# Exercise requirements
Take the entries below and print, exactly, the stretch from the line containing "GREENVINES 9-FT-Patio-Umbrella |" through the line containing "ANTIQUE OIL PAINTING", both included.

# Working data
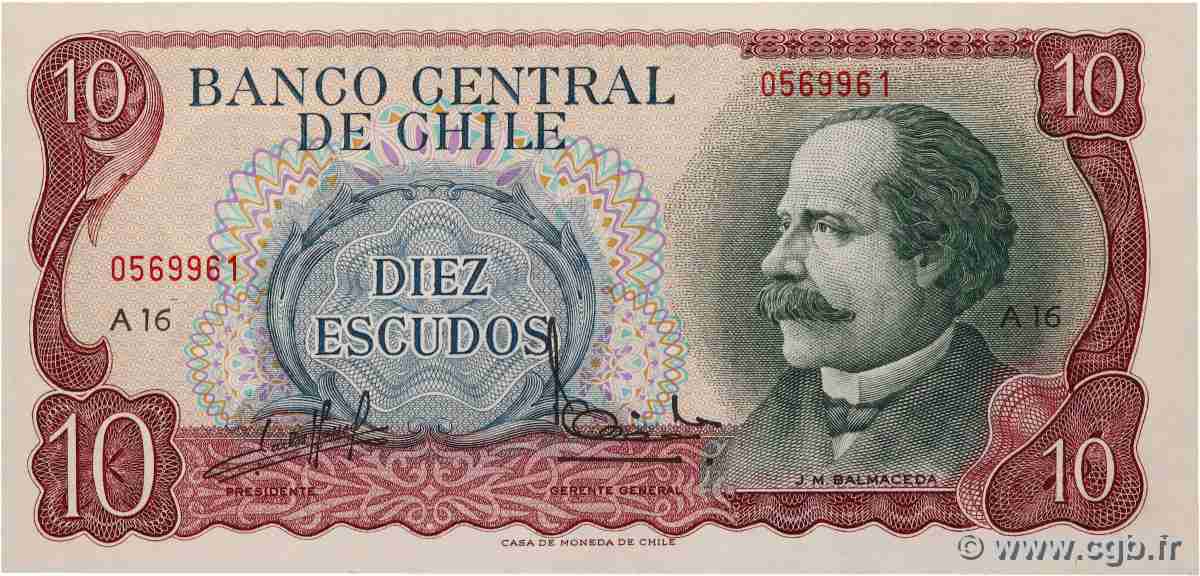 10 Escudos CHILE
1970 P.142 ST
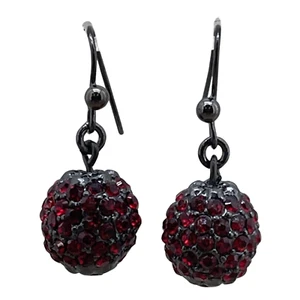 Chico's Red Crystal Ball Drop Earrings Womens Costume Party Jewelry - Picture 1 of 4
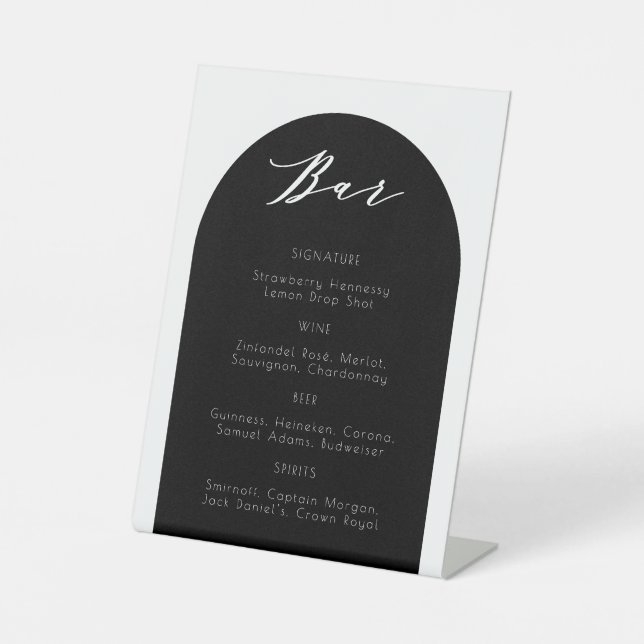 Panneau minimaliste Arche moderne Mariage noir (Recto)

* * *

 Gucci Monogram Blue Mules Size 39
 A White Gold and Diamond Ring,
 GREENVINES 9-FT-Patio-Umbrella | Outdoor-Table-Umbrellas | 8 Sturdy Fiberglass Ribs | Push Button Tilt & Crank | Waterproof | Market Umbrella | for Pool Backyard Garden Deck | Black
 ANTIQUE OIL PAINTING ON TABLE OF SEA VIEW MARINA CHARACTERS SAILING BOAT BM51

# Solved exercise
 GREENVINES 9-FT-Patio-Umbrella | Outdoor-Table-Umbrellas | 8 Sturdy Fiberglass Ribs | Push Button Tilt & Crank | Waterproof | Market Umbrella | for Pool Backyard Garden Deck | Black
 ANTIQUE OIL PAINTING ON TABLE OF SEA VIEW MARINA CHARACTERS SAILING BOAT BM51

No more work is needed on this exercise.